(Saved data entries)
-----
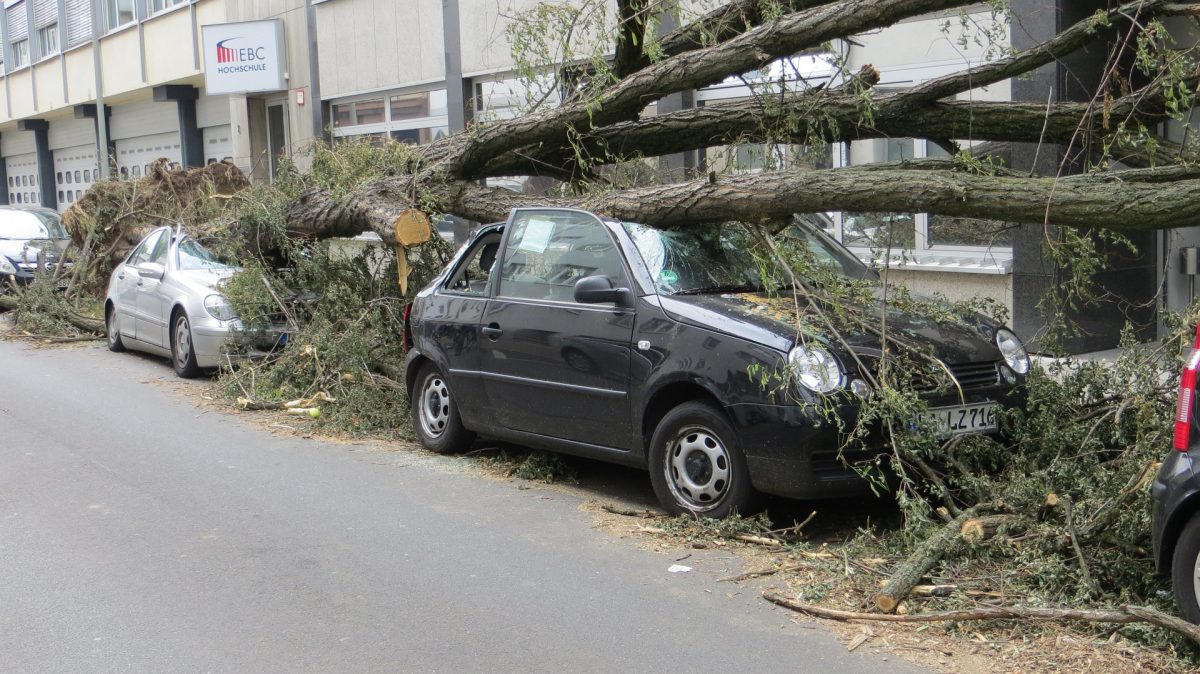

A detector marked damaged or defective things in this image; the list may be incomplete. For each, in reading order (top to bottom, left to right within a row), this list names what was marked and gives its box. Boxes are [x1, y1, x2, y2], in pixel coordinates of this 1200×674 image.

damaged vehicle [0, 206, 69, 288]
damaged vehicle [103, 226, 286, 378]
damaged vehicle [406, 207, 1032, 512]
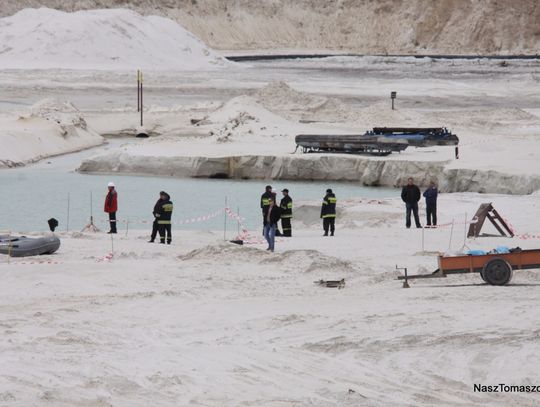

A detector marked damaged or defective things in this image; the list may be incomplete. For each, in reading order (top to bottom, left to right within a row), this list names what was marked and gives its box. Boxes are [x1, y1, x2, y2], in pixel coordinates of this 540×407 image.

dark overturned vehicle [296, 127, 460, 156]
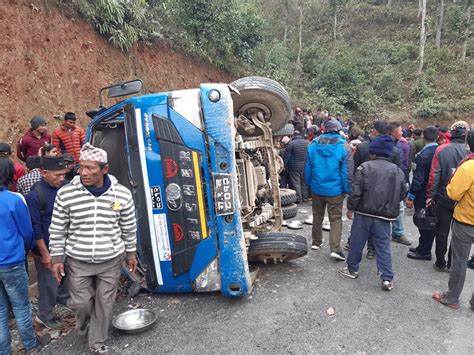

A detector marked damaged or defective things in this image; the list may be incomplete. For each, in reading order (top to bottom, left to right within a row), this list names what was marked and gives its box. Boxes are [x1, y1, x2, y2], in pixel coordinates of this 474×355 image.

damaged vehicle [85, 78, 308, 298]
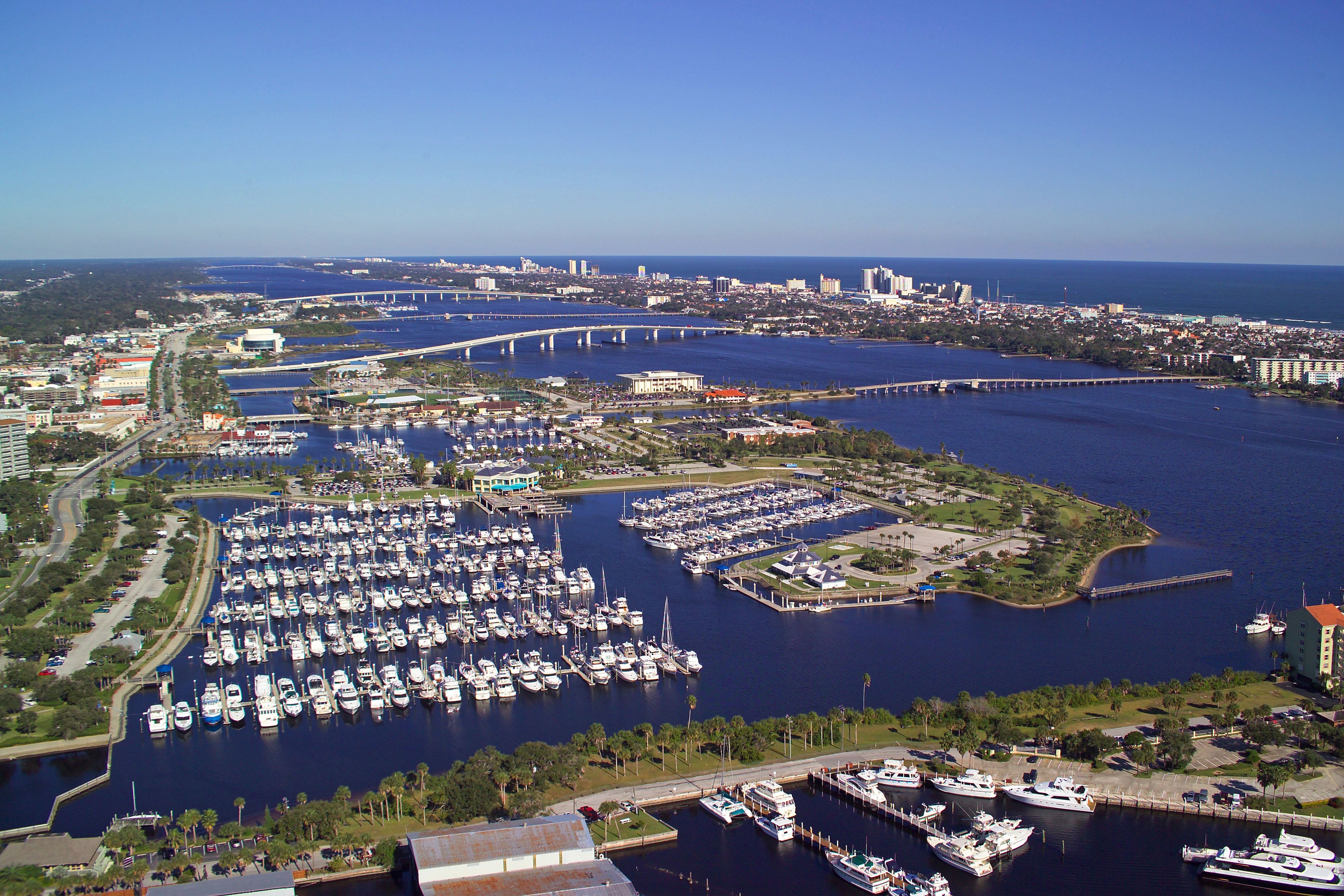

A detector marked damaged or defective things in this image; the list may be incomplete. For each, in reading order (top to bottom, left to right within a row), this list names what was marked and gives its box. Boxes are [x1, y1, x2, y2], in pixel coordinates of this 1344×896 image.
-----
__Required action__.
Leave out the pictures and return, exactly as written, only the lines from the line with "this 474×355 image." through the end of the records above.

__Answer for the task__.
A detector marked damaged or defective things in this image; the list may be incomplete. For each, in reading order (top to bottom, left to right within a row), this list names what was marked and gives its box. Boxes are [x1, y1, x2, y2], in pixel coordinates of this 474×355 image.

damaged vehicle [85, 78, 308, 298]

A detector marked damaged or defective things in this image; the list may be incomplete. For each, in reading order (top to bottom, left to right within a row), this list names what was marked and gives its box. Boxes are [x1, y1, x2, y2], in pixel coordinates of this 1344×896 image.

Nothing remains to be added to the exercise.